Neste momento, indicou a posição da Espanha, que se recusou a utilizar a base americana na península para lançar um ataque ao Irão. “Quando os parceiros da NATO lhes negam a utilização destas bases, porque a Espanha nos negou, por exemplo, qual é o propósito da cooperação? Esse é o problema”, alertou.

Rubio, por outro lado, observou que outros países da NATO têm cooperado com Washington, como Portugal. “Disseram que sim ainda antes de lhes explicarmos a questão”, disse, para confirmar que a Polónia, a Roménia, a Bulgária e “outros” também ajudaram os Estados Unidos, para confirmar que Espanha, por outro lado, foi “agressiva” e “muito terrível” na sua postura em relação aos Estados Unidos.

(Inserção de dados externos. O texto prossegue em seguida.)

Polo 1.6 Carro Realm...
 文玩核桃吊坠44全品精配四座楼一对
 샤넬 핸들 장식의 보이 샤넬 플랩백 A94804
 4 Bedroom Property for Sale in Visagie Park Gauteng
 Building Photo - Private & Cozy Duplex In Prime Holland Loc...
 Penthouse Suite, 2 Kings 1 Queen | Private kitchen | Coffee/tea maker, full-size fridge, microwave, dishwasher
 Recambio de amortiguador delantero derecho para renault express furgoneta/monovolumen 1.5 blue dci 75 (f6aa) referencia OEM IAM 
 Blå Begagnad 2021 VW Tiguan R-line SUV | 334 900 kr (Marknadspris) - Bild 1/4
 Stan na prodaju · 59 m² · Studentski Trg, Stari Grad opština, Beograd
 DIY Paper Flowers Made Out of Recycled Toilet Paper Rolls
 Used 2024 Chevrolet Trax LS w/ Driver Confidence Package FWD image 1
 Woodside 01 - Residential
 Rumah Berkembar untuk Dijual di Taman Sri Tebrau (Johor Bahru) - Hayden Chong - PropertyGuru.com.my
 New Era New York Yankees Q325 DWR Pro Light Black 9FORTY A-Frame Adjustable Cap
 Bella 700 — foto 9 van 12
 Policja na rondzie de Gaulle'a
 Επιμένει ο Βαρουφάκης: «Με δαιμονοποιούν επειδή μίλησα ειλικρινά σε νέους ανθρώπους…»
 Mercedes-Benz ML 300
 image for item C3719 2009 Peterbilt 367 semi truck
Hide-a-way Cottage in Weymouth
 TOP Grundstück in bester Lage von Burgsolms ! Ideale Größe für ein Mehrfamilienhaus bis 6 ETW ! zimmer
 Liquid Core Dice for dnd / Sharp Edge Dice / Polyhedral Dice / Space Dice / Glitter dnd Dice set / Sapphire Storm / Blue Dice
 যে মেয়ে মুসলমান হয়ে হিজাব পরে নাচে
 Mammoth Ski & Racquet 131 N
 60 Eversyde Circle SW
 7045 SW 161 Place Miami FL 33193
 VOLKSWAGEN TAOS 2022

“É por isso que penso que há questões muito legítimas a serem colocadas sobre a NATO. E estas questões são: qual é o propósito? Qual é o benefício para nós dos direitos de utilização de bases se, em tempos de conflito como o que tivemos com o Irão, eles podem negar-nos a utilização dessas bases?” disse ele, continuando que Washington considera a sua presença na Europa. “Mas por que estamos lá? Apenas para protegê-los, não para proteger os interesses nacionais?” ele insistiu.

Estas declarações aumentam a preocupação manifestada por Trump sobre a Aliança Atlântica após a recusa dos parceiros europeus em apoiar a guerra no Irão. “Não queremos a OTAN”, disse ele esta semana.

A Administração Norte-Americana está a considerar a retirada de 5.000 soldados americanos estacionados em solo alemão, um passo que levanta questões sobre o futuro da presença militar americana na Europa e o seu impacto no equilíbrio de segurança do continente.

Do lado da NATO, o secretário-geral Mark Rutte, evitou juntar-se a estas polémicas ao confirmar, apesar dos repetidos ataques dos Estados Unidos, que está “muito optimista” quanto ao futuro da organização e afirmou o aumento dos gastos com defesa na NATO até 2%, seguindo as exigências dos Estados Unidos.